Fearing that there might be some repercussions that the “views” of the overall BenchmarkGroup was shared between the threads, I moved on to a simpler calculation where BenchmarkGroups were defined separately.

using BenchmarkTools
using ThreadPinning

pinthreads(:cores)

const bgsum1d = BenchmarkGroup(["sum1d"])
const bgsum2d = BenchmarkGroup(["sum2d"])
const bgprod = BenchmarkGroup(["prod"])

foreach(100:100:500) do k
	r = rand(k)
	r2 = rand(k, k)
	bgsum1d[k] = @benchmarkable sum($r)
	bgsum2d[k] = @benchmarkable sum($r2)
	bgprod[k] = @benchmarkable prod($r)
end

@info "Single threaded"
@time for bgr in [bgsum1d, bgsum2d, bgprod]
	@time run(bgr)
	@info first(bgr.tags)
end

println();

@info "Multi threaded"
@time Threads.@threads for bgr in [bgsum1d, bgsum2d, bgprod] 
	@time run(bgr)
	@info first(bgr.tags)
end

with results

julia> include("parbenchsep.jl")
[ Info: Single threaded
  2.020265 seconds (1.20 M allocations: 61.005 MiB, 85.76% gc time, 12.98% compilation time)
[ Info: sum1d
  2.399186 seconds (786.71 k allocations: 32.780 MiB, 71.77% gc time, 3.34% compilation time)
[ Info: sum2d
  1.832098 seconds (799.71 k allocations: 33.608 MiB, 93.31% gc time, 4.67% compilation time)
[ Info: prod
  6.259793 seconds (2.79 M allocations: 127.433 MiB, 82.49% gc time, 6.96% compilation time)

[ Info: Multi threaded
  3.215584 seconds (1.39 M allocations: 52.394 MiB, 98.42% gc time, 0.86% compilation time)
[ Info: prod
  3.577352 seconds (1.60 M allocations: 60.792 MiB, 98.13% gc time)
[ Info: sum1d
  4.963936 seconds (2.13 M allocations: 80.937 MiB, 87.77% gc time, 1.12% compilation time)
[ Info: sum2d
  5.030964 seconds (2.19 M allocations: 85.061 MiB, 86.60% gc time, 2.34% compilation time)

So, now the benchmark is a bit better than before, but again there is this unexplainable to me ratio of 2x slower when benchmarks run on threads.

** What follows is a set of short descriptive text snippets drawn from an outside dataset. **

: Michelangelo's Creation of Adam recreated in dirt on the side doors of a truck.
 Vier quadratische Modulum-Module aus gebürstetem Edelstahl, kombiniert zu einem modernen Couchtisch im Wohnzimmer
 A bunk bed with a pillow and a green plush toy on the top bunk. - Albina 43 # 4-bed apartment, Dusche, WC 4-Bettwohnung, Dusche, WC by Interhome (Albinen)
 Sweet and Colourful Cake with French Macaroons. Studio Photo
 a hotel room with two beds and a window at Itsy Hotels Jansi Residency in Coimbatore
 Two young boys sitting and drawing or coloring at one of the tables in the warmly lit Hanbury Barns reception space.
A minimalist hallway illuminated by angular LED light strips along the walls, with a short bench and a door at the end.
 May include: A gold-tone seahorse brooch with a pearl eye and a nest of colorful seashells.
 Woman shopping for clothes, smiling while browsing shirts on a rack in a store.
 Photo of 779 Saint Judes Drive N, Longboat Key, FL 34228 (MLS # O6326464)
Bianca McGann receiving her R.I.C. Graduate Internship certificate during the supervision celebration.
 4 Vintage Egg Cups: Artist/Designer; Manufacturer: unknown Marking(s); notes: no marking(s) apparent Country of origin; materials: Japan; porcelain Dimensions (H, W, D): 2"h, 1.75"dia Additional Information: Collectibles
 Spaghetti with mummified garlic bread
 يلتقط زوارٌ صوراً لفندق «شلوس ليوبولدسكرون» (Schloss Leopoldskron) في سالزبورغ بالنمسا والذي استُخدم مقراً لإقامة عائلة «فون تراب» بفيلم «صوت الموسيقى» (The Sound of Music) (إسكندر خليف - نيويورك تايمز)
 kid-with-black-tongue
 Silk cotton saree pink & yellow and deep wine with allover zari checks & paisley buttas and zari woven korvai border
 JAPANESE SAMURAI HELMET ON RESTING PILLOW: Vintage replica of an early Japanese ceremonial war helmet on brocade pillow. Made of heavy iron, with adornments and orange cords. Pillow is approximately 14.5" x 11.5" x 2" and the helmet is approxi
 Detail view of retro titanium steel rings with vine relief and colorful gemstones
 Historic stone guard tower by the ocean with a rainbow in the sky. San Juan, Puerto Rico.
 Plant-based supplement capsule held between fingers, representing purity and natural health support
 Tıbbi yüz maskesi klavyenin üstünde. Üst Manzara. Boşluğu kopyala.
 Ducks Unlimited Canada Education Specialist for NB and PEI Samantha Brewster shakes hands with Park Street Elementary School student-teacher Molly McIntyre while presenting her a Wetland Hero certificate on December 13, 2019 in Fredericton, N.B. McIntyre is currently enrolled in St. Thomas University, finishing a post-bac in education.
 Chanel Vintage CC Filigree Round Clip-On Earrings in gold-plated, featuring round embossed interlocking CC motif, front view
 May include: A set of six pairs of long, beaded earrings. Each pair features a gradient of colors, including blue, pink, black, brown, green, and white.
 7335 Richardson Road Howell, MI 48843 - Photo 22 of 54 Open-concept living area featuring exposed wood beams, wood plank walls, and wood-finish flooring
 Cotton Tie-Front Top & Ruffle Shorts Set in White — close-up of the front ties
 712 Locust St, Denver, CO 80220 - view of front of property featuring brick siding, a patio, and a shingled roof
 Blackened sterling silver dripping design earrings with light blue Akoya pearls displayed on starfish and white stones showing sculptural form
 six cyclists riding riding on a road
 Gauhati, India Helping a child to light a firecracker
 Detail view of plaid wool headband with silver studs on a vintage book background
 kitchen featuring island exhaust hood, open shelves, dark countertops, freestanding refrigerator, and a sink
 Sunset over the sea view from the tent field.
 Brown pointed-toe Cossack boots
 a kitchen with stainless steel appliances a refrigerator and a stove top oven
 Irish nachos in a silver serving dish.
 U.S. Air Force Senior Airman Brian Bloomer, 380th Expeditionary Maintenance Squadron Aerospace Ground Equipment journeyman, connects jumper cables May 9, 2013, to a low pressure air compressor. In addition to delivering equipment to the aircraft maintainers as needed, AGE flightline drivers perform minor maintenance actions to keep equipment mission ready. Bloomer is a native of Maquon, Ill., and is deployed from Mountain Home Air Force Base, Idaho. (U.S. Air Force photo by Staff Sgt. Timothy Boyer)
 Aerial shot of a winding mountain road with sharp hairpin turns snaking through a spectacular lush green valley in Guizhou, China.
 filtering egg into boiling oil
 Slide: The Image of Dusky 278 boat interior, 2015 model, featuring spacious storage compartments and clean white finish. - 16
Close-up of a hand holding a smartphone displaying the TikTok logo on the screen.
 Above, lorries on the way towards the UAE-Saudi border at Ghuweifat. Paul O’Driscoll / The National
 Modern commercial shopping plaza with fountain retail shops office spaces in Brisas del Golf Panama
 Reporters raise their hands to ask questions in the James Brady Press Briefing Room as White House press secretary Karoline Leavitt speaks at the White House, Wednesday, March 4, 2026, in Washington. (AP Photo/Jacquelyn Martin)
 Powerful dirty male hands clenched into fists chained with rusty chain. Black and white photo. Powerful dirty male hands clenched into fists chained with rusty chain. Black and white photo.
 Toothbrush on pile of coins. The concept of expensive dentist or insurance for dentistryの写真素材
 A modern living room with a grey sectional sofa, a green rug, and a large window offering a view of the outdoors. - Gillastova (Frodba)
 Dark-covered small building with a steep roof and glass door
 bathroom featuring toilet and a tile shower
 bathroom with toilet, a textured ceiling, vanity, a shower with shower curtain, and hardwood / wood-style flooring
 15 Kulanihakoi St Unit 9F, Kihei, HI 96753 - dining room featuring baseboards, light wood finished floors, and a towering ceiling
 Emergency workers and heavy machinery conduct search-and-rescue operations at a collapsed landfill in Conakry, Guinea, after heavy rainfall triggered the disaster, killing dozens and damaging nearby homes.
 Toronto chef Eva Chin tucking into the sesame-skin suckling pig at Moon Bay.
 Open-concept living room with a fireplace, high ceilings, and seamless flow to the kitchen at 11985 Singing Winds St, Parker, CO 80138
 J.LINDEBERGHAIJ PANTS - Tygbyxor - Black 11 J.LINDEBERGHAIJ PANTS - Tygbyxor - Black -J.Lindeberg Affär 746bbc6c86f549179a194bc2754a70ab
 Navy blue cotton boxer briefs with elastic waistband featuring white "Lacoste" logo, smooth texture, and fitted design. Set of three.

Do you know what you’re trying to measure? You run a benchmark suite with run, but then discard the results and instead just print the total run time and other total statistics with @time. I think you’re probably not aware of that, because I can’t imagine why’d you want to do that.

Think of this like meta-benchmarking, i.e. measuring with @time the real benchmarks. I always benchmark the same utility, but I do it with either using multi-threading or not. That’s what the @time measurements are about; how much gain do I get for benchmarking the same operations using multiple threads vs serially.
In the original post the benchmarking of the applications are stored in bgres using multiple threads and in bgresserial with a single one.
In the second post, I do not even store the results and I am only printing the meta-benchmarks measurements with @time, because that’s the interest in this discussion.

I don’t quite undertand your goals, but if you want to compare benchmark runs one to another, I think the first thing to do is to ensure that the number of samples and evaluations is constant, e.g. by setting a very high time budget that is sure not to get spent, and then checking that all the numbers of samples and evaluations match. In addition to ensuring that the number of evaluations is sufficient, as always.

That said, trying to run multiple benchmarks in parallel really seems antagonistic to the very concept of benchmarking.

1 Like

I don’t quite undertand your goals
…trying to run multiple benchmarks in parallel really seems antagonistic to the very concept of benchmarking.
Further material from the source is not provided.